Today is the day I have dreaded for the past week or so – Cincinnati is going to see the temperature hit 100 degrees today. According to the local news, this is the first time the city has seen 100 degree temperatures in June since June 25, 1988.
Since I am home with Sydney all week, I dreaded telling the kid that it is not the best day to play outside. But somehow I think she knows, because she has not asked to go out once!
One of the things I am blessed with (or cursed in some instances) is a freakishly good memory. Seven-year-old me remembers that hot, dreadful June day in 1988. My mom would not let me play outside because of the heat. She just kept saying, “Zach, it’s going to be 100 degrees!” I can remember begging her to let me go out in my little pool, but to no avail.
I always thought it was cruel and unusual punishment that she would not let me play outside. Twenty-four years later, as a parent, it makes total sense! It’s funny how history repeats itself…
Okay, I am going to give you another example of my weird memory. After keeping me in the house all day from the 100 degree heat, my mom finally took me out that night to the movies to see Big with Tom Hanks. I remember being so excited to go to the movies that night. I am pretty sure we also contemplated seeing either Beetlejuice or 3 Men and a Baby too, but “Big” won. It just came out a few weeks earlier and it was the movie everybody was talking about. The other two had been out for a while, so we decided to check the newer flick out. (Some trivia: back in the day, successful movies would sometimes stay in the theater for the better part of a year!)
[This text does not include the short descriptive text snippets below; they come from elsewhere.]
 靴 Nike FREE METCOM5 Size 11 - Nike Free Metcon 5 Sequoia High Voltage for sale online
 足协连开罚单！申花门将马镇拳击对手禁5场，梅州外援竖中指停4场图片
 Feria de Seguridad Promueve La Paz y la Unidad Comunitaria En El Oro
This story also highlights another important point of my life – how young I was when I got into popular media that was generally designed for a more adult audience. Rock music was not the only thing I got into at a very young age, but movies too. I am not talking about adult films or even Rated R films or anything like that; but while many of my friends were still obsessed with G rated films, I already moved on to PG and in some cases, PG-13 (gasp!).
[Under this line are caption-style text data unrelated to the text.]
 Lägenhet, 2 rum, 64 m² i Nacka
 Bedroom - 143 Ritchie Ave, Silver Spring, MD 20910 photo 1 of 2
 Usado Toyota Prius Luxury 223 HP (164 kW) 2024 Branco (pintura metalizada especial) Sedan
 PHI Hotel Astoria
I remember loving “Big” so much that I begged my mom to buy the VHS when it came out (which was a year or so later. This was 1988, after all!). In relation to Hanks’ role, I still feel like a kid in an adult body myself. I do not think I am immature necesarilly, but I simply have not forgotten what it is like to be a kid. I am mature, responsible, and with a house and bills and a job and all of that stuff; but I am a kid at heart. I think this helps me be a better father to my daughter.
So 24 years later, on this hot day I did the same thing as my mom and told my daughter that it was too hot for us to play outside today. Unlike seven year old me, she did not throw a fit about it. She just pointed to the stereo in the middle of playing with her toys this morning. She wanted to hear music.
The closest CD I found was “Long Live The New Flesh” by Flesh for Lulu. When Postcards from Paradise came on, she danced around the room like a crazy person. It was awesome. When the CD finally ended, one of her “Silly Song” CDs was next in the disc changer. She had very little interest in this and decided she would rather hear an English rock disc from 1987 again.
Like me, she has also matured quickly when it comes to music. History has repeated itself many ways today. I love it.